There are times when only a mum will do.

allthegoodusernameshavegone · 13/05/2018 05:11

I am sorry you have been through such a tough time op. But as a mother yourself I think you should put yourself in her shoes. Her DD is incredibly sick yet she has the responsibility of your DC, has to support them emotionally during this tough time, I’m guessing your DH was spending a lot of time with you, she’s 80 miles away from friends and her DH, I would imagine she may feel distraught and some what neglected at what for her is an incredibly traumatic time, I don’t doubt she had a breakdown and is protecting herself from further distress. Go visit her and give her a huge hug.

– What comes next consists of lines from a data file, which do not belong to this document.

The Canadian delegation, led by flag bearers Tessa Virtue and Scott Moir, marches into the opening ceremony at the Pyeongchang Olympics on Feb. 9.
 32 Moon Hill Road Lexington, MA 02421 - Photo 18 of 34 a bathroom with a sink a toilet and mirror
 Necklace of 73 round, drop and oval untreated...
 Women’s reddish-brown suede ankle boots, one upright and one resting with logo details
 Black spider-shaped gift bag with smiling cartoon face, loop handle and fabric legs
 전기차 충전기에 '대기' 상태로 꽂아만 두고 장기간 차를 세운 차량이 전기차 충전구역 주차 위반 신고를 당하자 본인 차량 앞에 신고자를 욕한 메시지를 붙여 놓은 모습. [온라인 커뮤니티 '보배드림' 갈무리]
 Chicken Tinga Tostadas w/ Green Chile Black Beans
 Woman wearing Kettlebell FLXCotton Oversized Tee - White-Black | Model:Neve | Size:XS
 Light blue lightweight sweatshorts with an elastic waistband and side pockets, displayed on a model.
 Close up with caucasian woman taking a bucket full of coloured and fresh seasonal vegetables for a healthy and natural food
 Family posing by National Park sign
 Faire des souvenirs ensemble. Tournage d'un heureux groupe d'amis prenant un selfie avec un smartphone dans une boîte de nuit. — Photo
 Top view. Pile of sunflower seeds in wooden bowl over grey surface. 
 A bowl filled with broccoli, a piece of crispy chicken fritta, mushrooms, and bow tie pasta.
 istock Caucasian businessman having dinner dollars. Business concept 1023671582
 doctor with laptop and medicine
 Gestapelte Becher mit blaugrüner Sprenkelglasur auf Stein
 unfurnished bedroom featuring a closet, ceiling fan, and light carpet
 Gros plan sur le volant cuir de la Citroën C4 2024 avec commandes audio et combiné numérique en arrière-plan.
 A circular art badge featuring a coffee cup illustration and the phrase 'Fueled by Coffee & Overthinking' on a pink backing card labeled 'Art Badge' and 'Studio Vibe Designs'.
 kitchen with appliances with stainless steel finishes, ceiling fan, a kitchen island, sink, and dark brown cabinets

polkadotwellies · 13/05/2018 05:29

Op your mother is a narc and there is no worse thing.

The confusion is relentless.

Looking to the past to put a puzzle together that will never fit properly. It's enough through the years to make you insane: going over the details and arriving back at the start.

It is a grieving process. But even harder it's accepting your own perspective on her systematic treatment of you over your lifetime. Trust yourself because she would have trained you to question it and always chase after her. When you simplify it she has never been there for you emotionally and it's so sad.